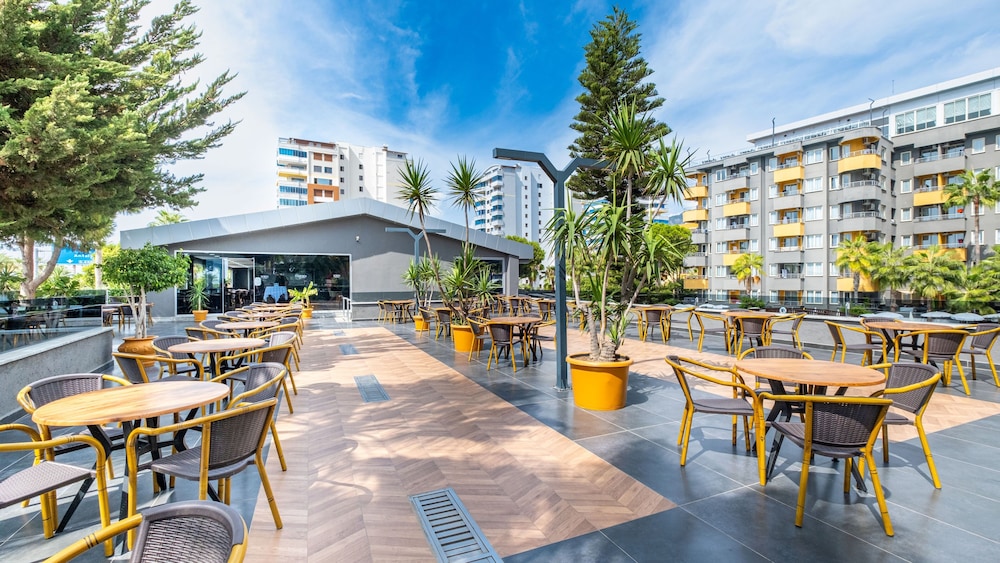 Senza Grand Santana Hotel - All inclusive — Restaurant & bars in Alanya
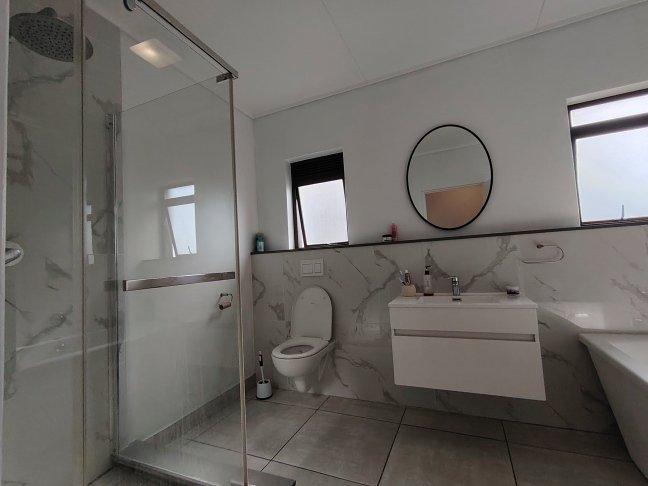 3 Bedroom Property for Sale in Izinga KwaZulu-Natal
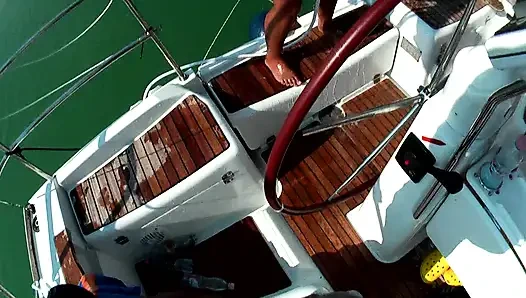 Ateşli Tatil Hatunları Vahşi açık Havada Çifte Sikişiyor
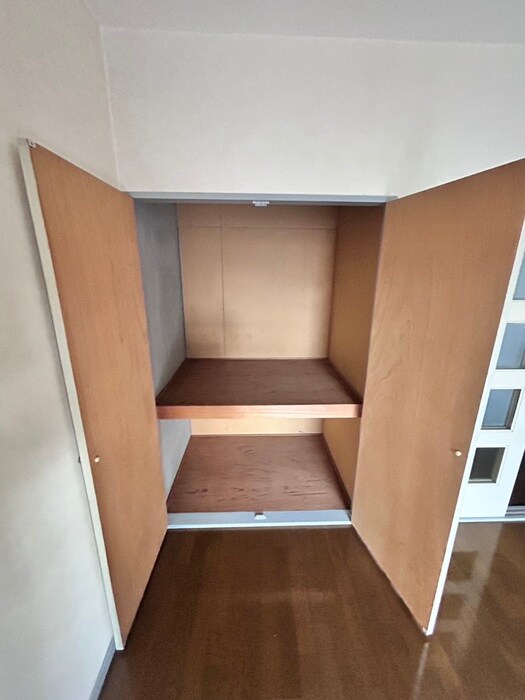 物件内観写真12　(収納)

What this task involves: Transcribe word for word only the lines from the one with "Ateşli Tatil Hatunları" through the end of the listing; every picture is to be omitted.

Solution for this task:
 Ateşli Tatil Hatunları Vahşi açık Havada Çifte Sikişiyor
 物件内観写真12　(収納)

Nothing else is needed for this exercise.